The Young Italy (Giovane Italia, GI) was the youth wing of The People of Freedom (PdL), a political party in Italy.

==History==
Young Italy was founded on 9 April 2009 from the merger of "Forza Italia – Young People for Freedom" (the youth wing of Forza Italia) and Youth Action (youth wing of the National Alliance). Giorgia Meloni, former president of Youth Action, became the new president of the merged organisation, while Francesco Pasquali (former Coordinator of Forza Italia – Young People for Freedom) became its National Coordinator. Giovanni Donzelli, president of University Action, assumed instead the position of national spokesperson for the organization.

On 25 November 2010, the national coordinator of Young Italy, Francesco Pasquali, resigned to join Future and Freedom, a breakaway party of PdL led by Gianfranco Fini. On 17 December 2010, the president of the PdL Silvio Berlusconi appointed the MP Annagrazia Calabria as new coordinator.

On 15 June 2012, the former Minister of Youth Giorgia Meloni resigned from the presidency of Youth Italy, describing the decision as an obligatory choice for generational change. Marco Perissa became the new president of the movement.

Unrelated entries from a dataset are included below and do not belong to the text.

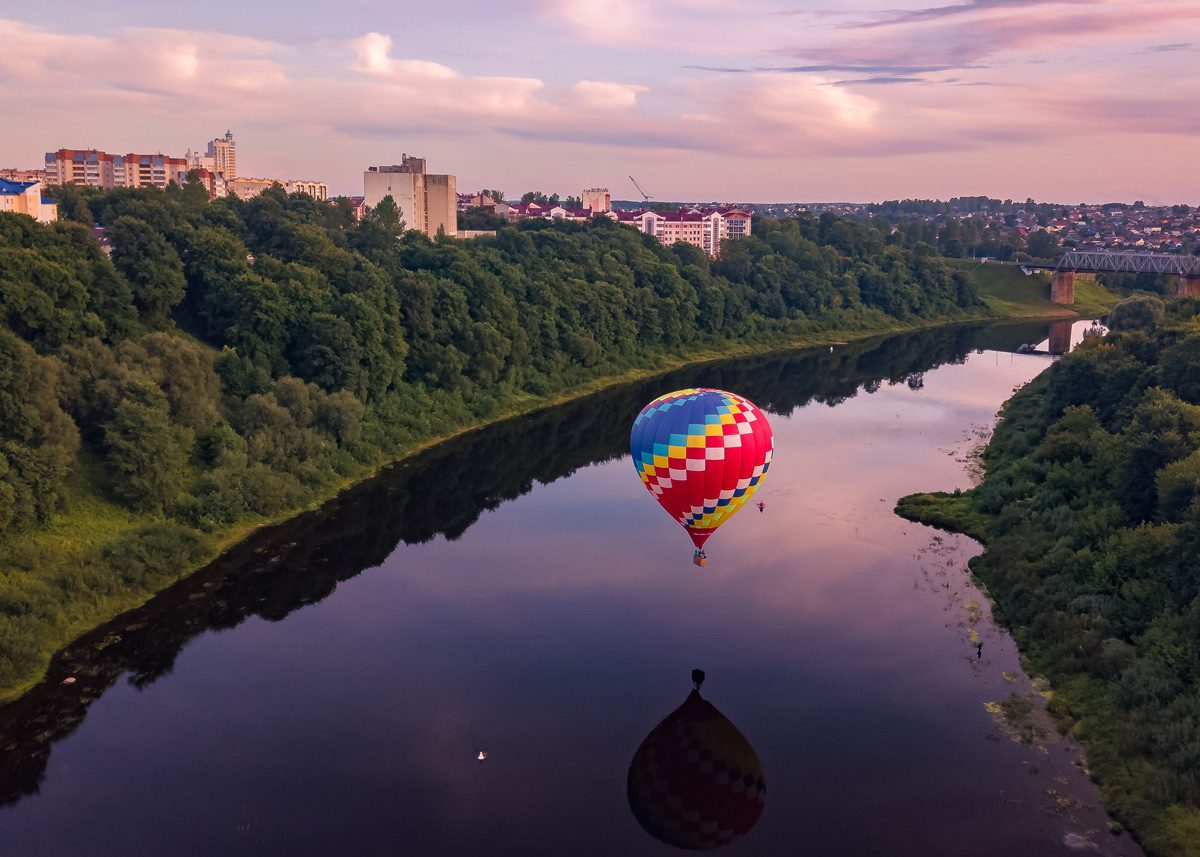 Воздушный шар пролетает над рекой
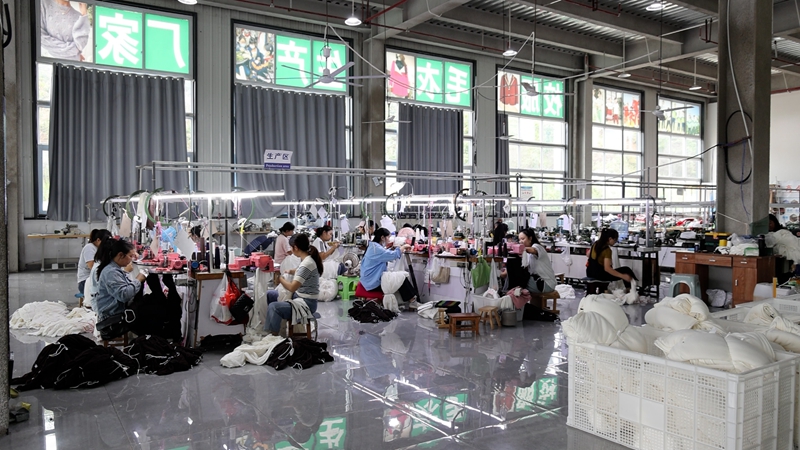 工人們正加班加點。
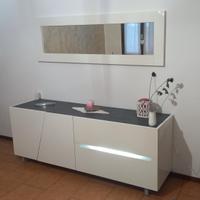 Mobile da salotto con illuminazione e specchio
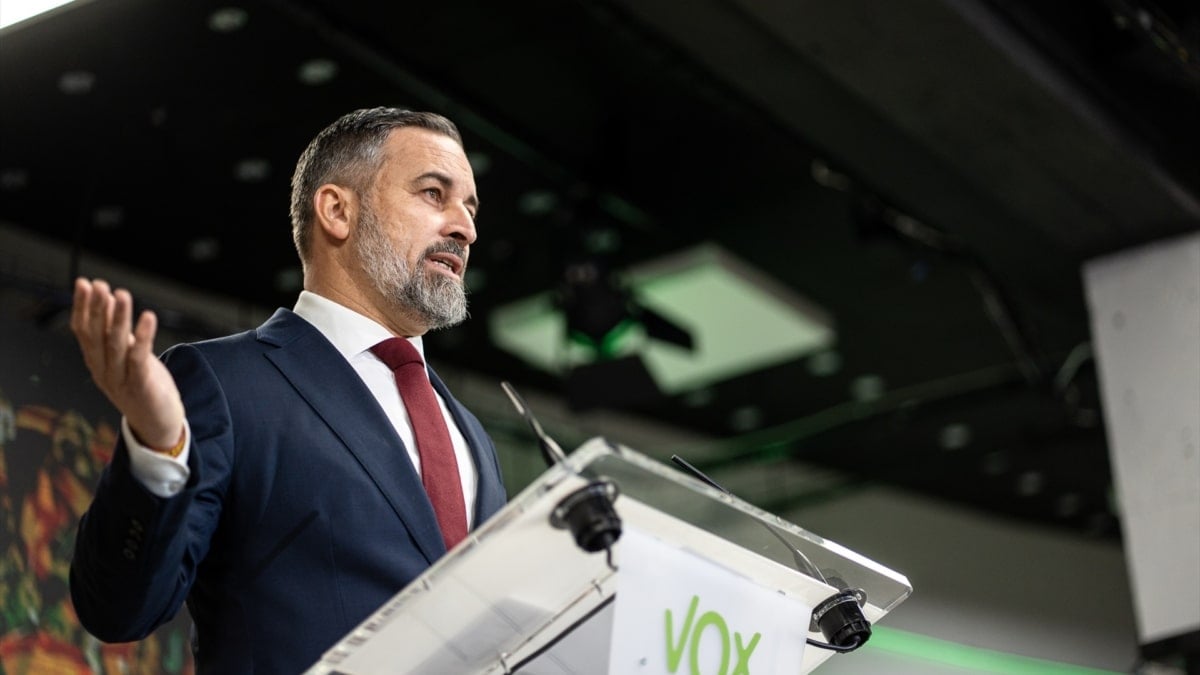 El presidente de Vox, Santiago Abascal, en una comparecencia desde la sede nacional del partido, en Madrid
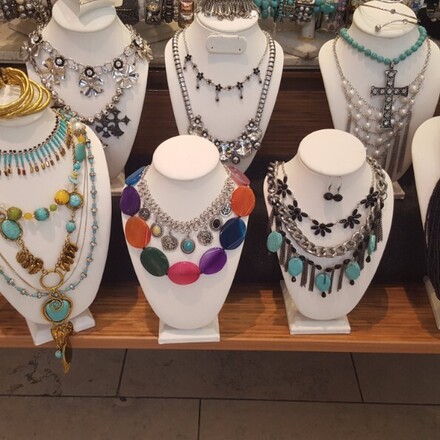 HUGE JEWELRY LIQUIDATION BULK LOTS - NEW OVERSTOCK 500pc LOT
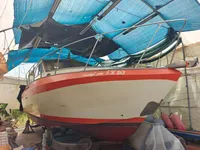 कार्य नौकाएँ बिक्री के लिए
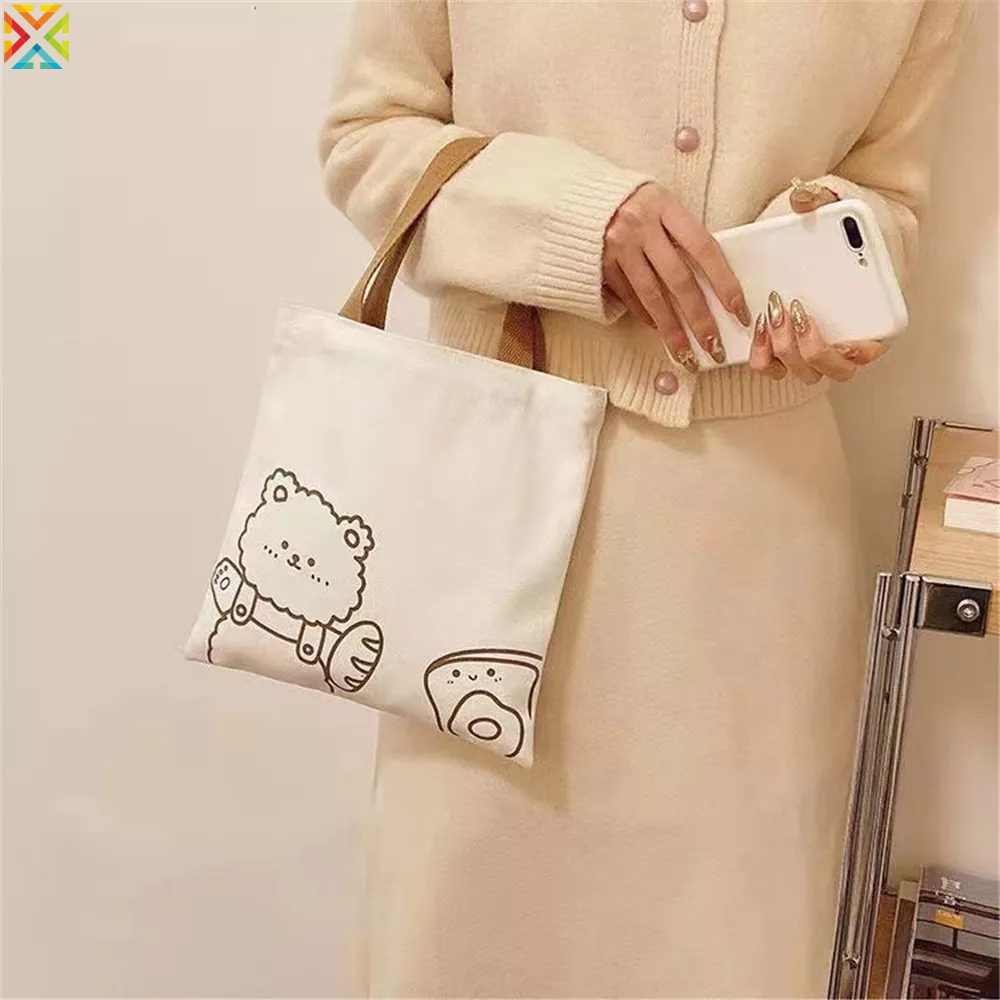 Túi Xách Tay Bằng Vải Canvas In Hình Gấu Dễ Thương Dành Cho Nữ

In December 2012 some leaders of Young Italy, such as Perissa, Carolina Varchi, Augusta Montaruli and Carlo Fidanza, left the organisation (and the PdL) to join Brothers of Italy, a new party founded by Giorgia Meloni. At the helm of Young Italy remained the coordinator Annagrazia Calabria.

In 2014 Young Italy was replaced by Forza Italia Giovani, as the PdL itself was replaced by the refounded Forza Italia.